Would you reproduce each line below exactly, leaving every picture out?

SOURCE MATERIAL –
+ + + + + + +

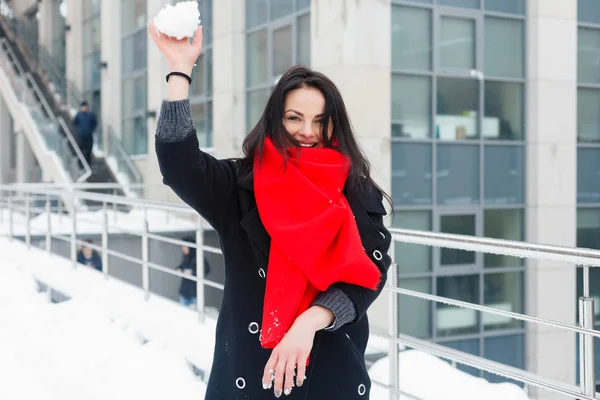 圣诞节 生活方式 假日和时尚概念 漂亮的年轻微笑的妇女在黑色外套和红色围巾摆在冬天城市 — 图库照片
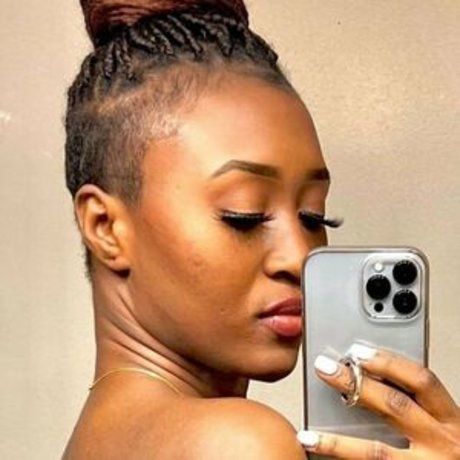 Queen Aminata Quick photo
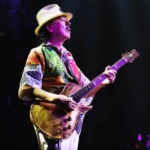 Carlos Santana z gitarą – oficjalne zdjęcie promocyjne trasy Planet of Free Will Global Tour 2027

+ + + + + + +

ANSWER –
 圣诞节 生活方式 假日和时尚概念 漂亮的年轻微笑的妇女在黑色外套和红色围巾摆在冬天城市 — 图库照片
 Queen Aminata Quick photo
 Carlos Santana z gitarą – oficjalne zdjęcie promocyjne trasy Planet of Free Will Global Tour 2027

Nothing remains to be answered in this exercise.